**YOUR INSTRUCTIONS:** What you write should be an exact repeat of the lines from the one with "6 Inch Blue" through the final line below, minus the pictures.

(Image-caption web data)
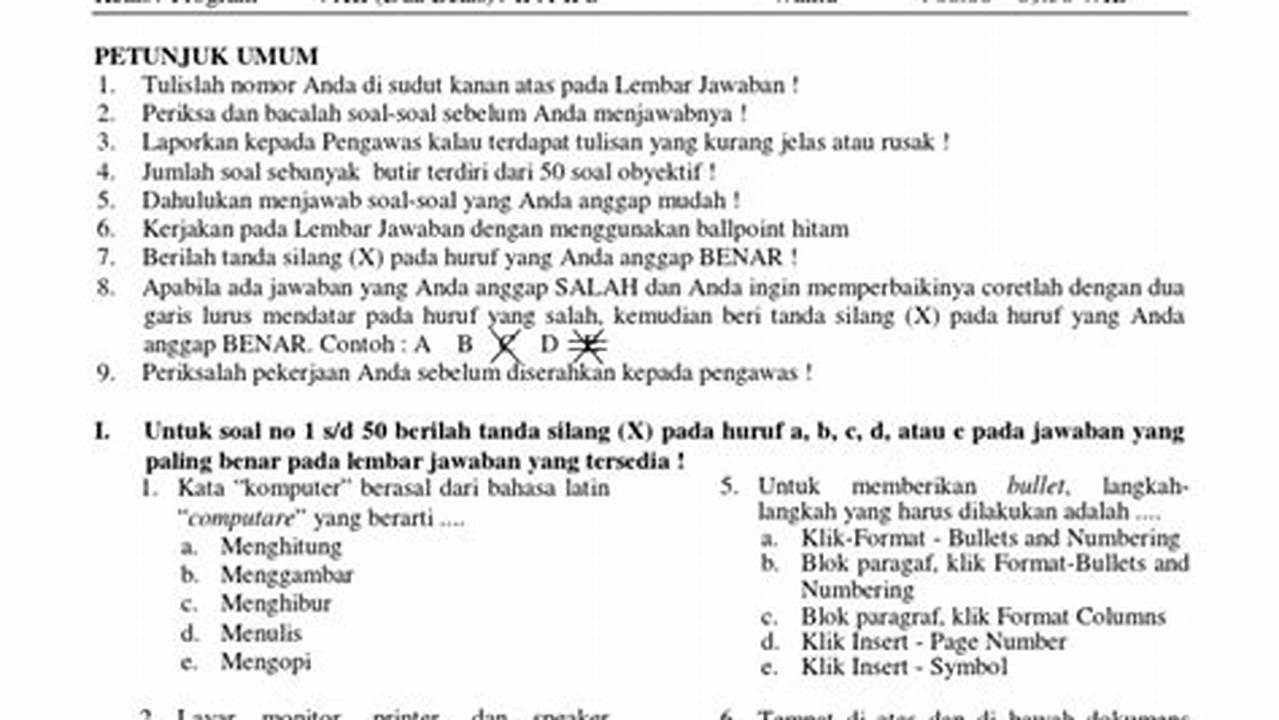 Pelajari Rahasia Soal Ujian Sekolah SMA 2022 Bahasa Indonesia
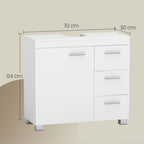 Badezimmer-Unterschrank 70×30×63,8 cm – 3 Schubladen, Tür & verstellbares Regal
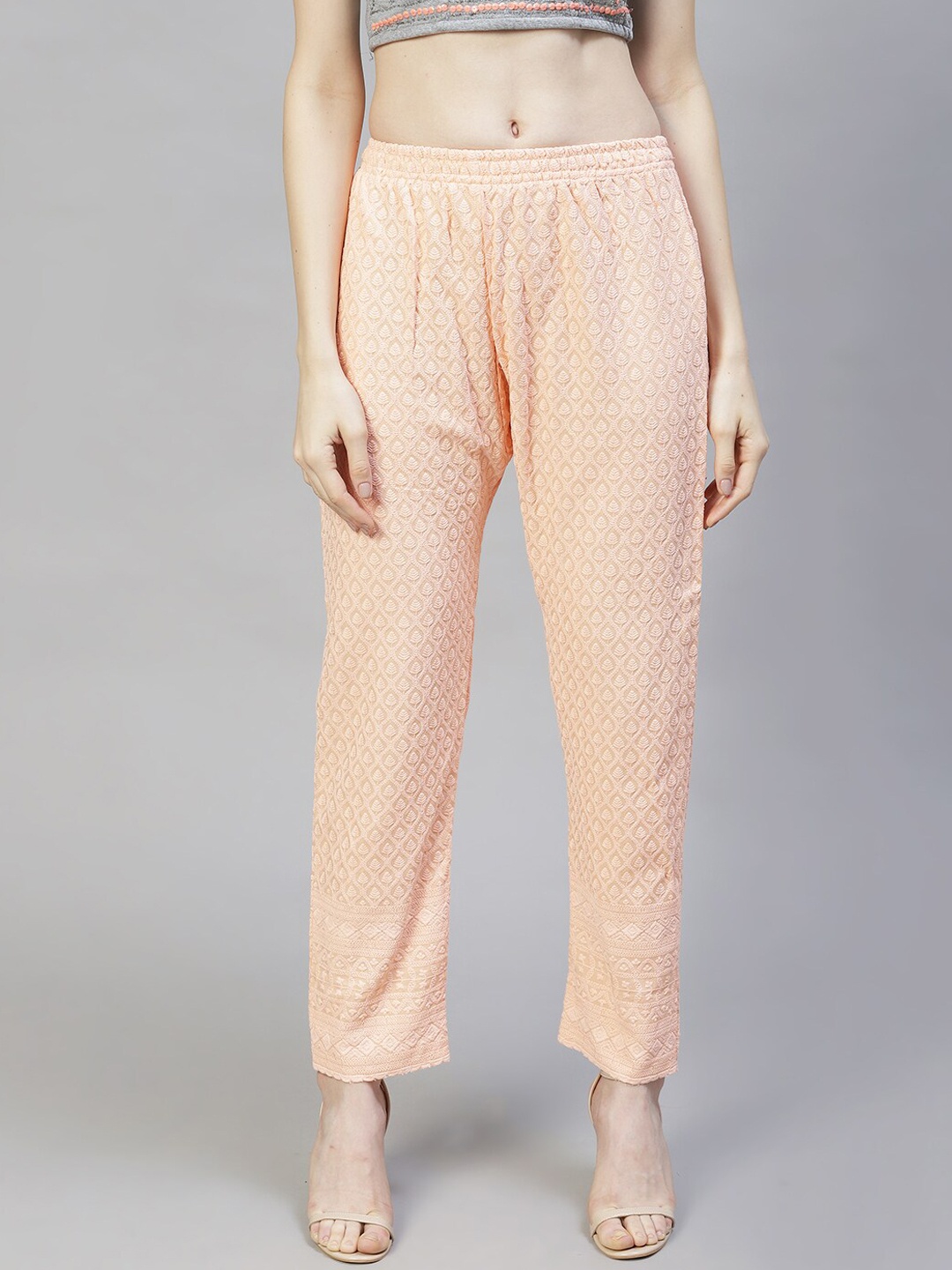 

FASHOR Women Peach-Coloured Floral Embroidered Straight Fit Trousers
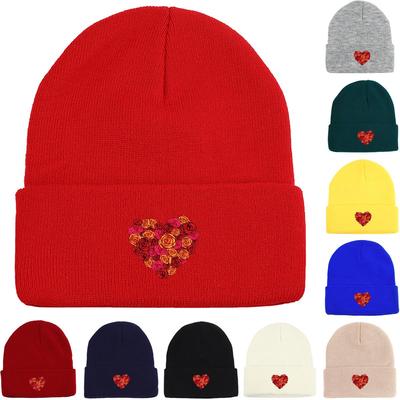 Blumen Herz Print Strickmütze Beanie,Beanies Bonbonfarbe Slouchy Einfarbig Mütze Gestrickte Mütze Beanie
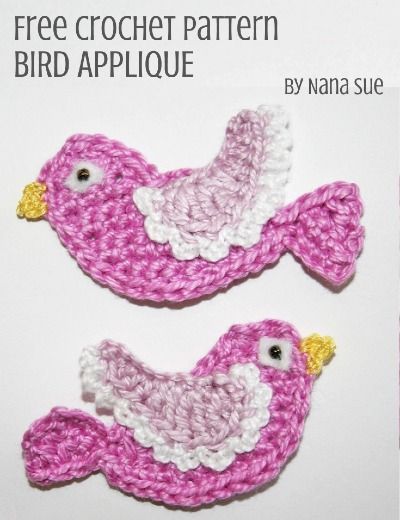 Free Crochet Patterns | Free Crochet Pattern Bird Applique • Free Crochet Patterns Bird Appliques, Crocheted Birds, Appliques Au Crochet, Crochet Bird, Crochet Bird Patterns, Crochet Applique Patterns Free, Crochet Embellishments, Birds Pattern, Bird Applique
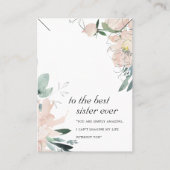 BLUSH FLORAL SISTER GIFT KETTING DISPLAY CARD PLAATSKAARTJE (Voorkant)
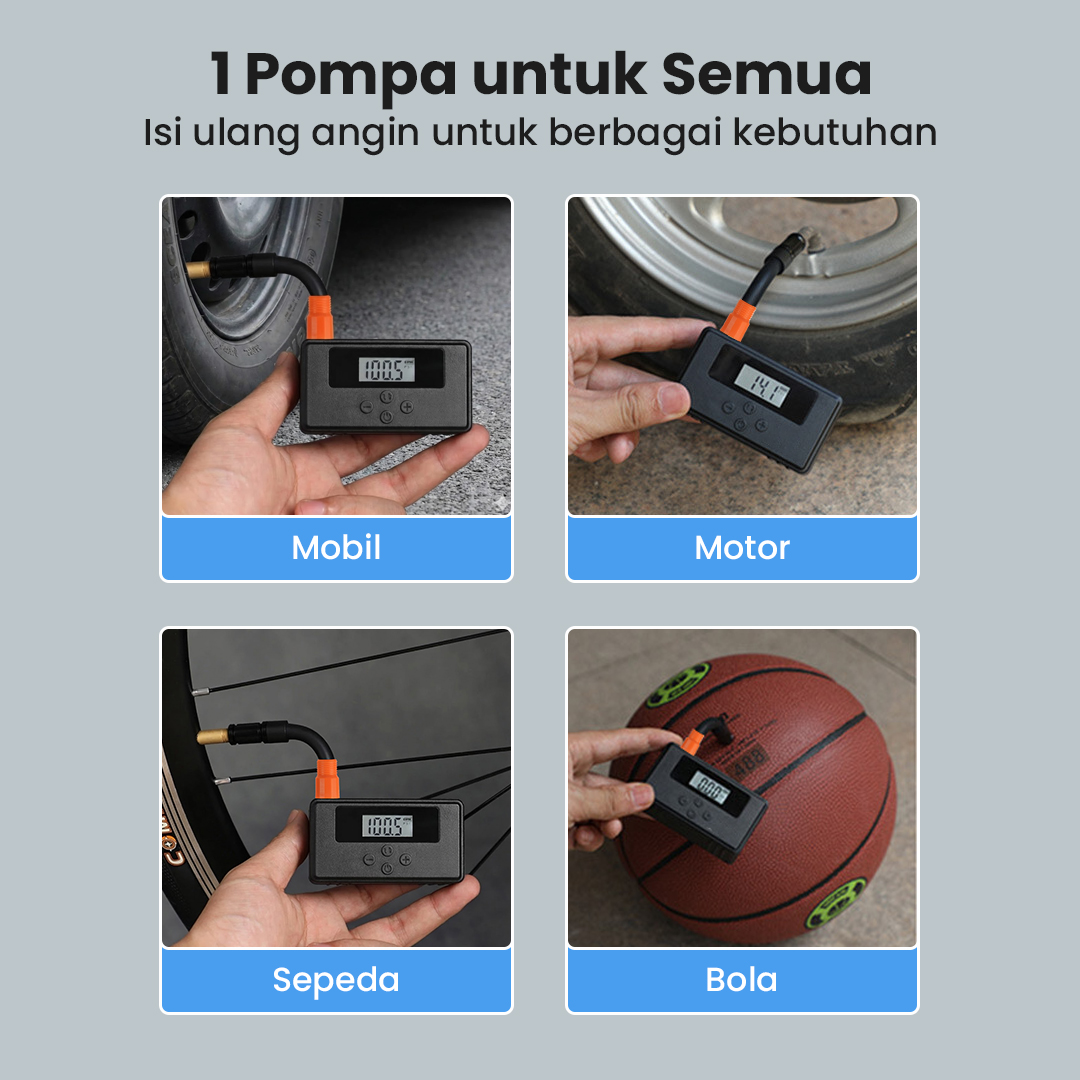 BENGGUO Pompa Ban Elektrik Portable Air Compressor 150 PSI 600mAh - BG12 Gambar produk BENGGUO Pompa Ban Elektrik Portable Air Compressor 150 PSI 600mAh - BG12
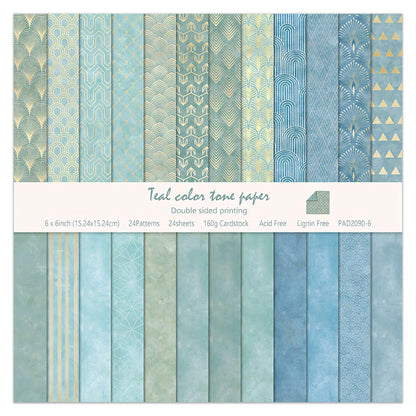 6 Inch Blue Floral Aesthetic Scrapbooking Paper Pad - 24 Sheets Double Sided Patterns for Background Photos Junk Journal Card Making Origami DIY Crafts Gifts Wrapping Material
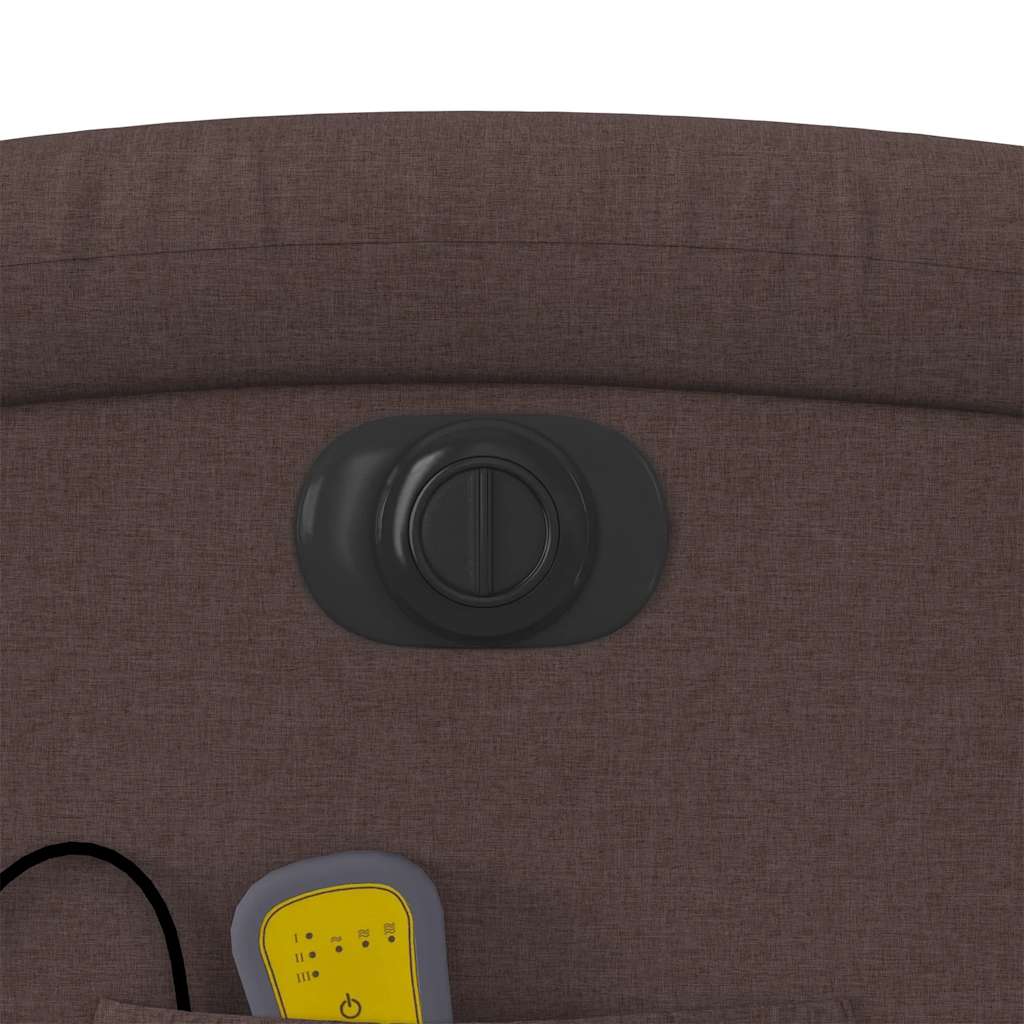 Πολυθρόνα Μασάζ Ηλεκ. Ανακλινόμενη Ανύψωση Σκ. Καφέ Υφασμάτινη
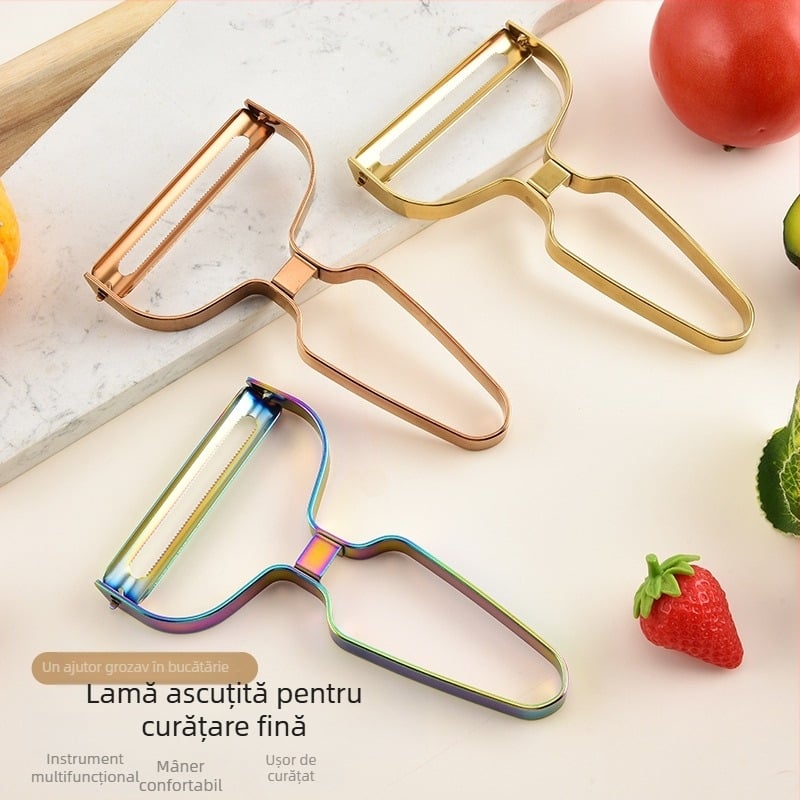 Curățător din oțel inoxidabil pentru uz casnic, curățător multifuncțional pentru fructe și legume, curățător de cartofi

**REPLY:**
 6 Inch Blue Floral Aesthetic Scrapbooking Paper Pad - 24 Sheets Double Sided Patterns for Background Photos Junk Journal Card Making Origami DIY Crafts Gifts Wrapping Material
 Πολυθρόνα Μασάζ Ηλεκ. Ανακλινόμενη Ανύψωση Σκ. Καφέ Υφασμάτινη
 Curățător din oțel inoxidabil pentru uz casnic, curățător multifuncțional pentru fructe și legume, curățător de cartofi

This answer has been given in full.